[Image-text web data]
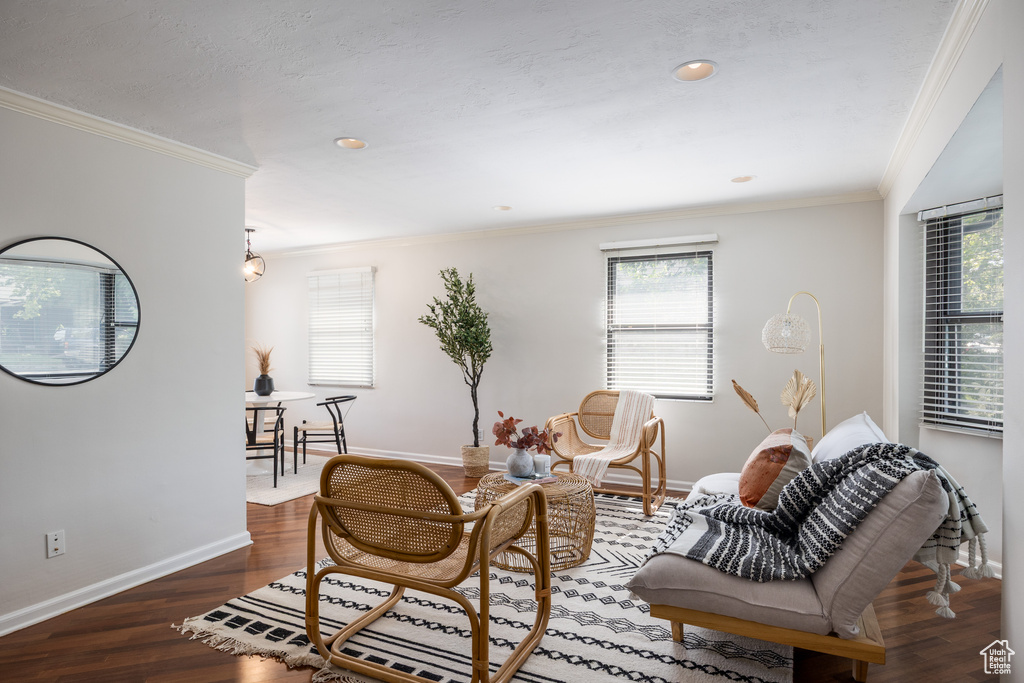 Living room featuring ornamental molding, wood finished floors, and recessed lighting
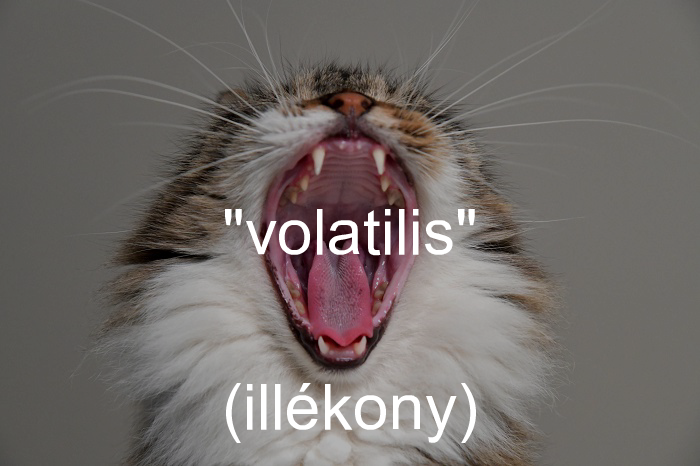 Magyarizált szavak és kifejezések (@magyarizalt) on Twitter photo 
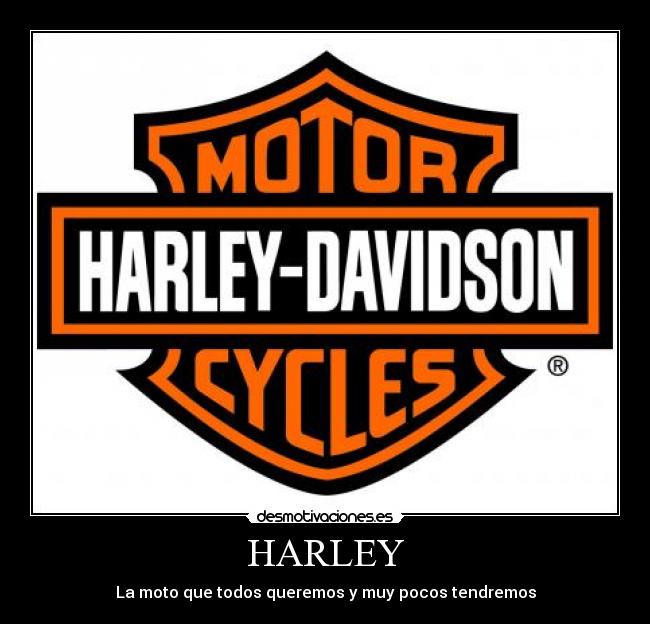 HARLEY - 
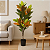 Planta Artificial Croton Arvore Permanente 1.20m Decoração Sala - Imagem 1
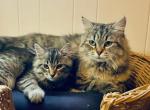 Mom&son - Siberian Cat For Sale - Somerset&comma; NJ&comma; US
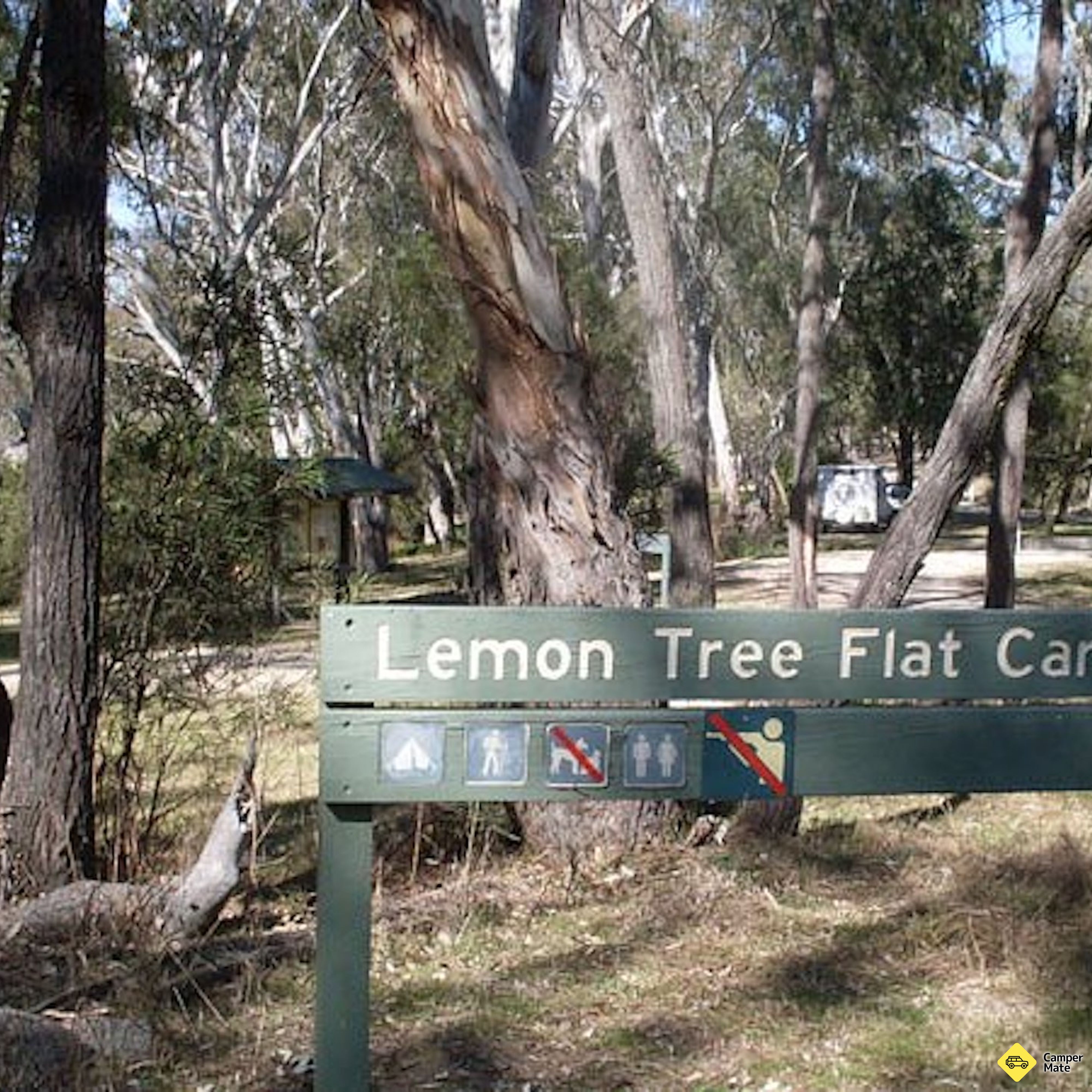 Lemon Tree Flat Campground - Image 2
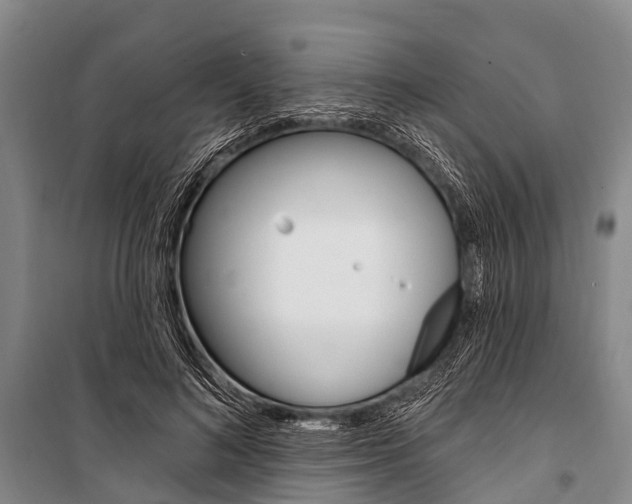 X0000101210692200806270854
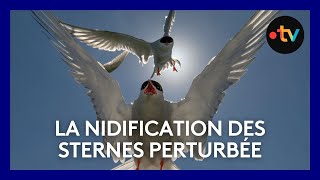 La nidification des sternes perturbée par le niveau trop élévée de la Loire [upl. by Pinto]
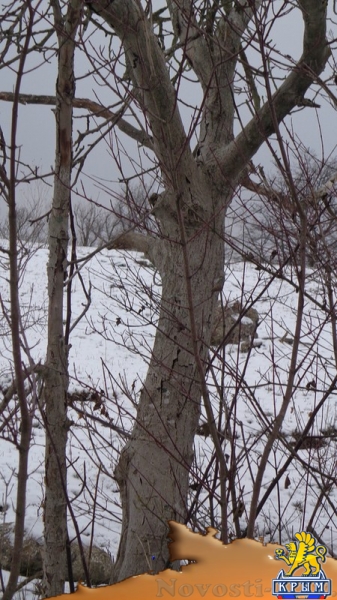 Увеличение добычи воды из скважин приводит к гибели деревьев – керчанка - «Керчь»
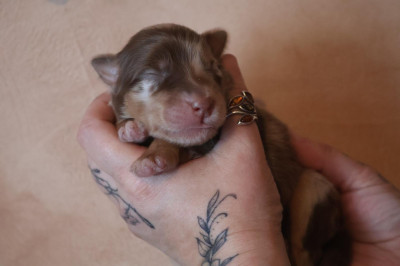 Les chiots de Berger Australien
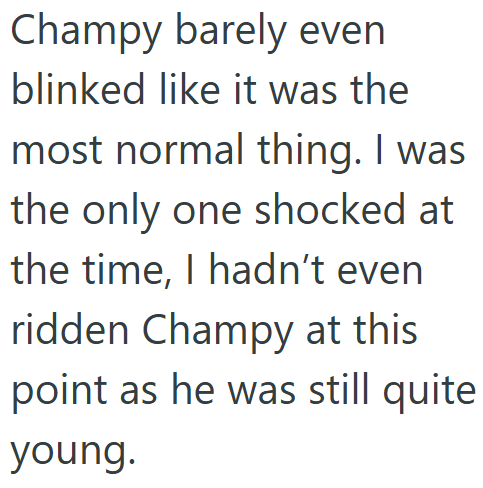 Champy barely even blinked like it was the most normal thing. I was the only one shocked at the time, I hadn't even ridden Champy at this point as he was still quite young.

*EXERCISE AIM*
Set down all of the entries exactly. Leave the pictures out.

*TASK ANSWER*
 Living room featuring ornamental molding, wood finished floors, and recessed lighting
 Magyarizált szavak és kifejezések (@magyarizalt) on Twitter photo 
 HARLEY - 
 Planta Artificial Croton Arvore Permanente 1.20m Decoração Sala - Imagem 1
 Mom&son - Siberian Cat For Sale - Somerset&comma; NJ&comma; US
 Lemon Tree Flat Campground - Image 2
 X0000101210692200806270854
 La nidification des sternes perturbée par le niveau trop élévée de la Loire [upl. by Pinto]
 Увеличение добычи воды из скважин приводит к гибели деревьев – керчанка - «Керчь»
 Les chiots de Berger Australien
 Champy barely even blinked like it was the most normal thing. I was the only one shocked at the time, I hadn't even ridden Champy at this point as he was still quite young.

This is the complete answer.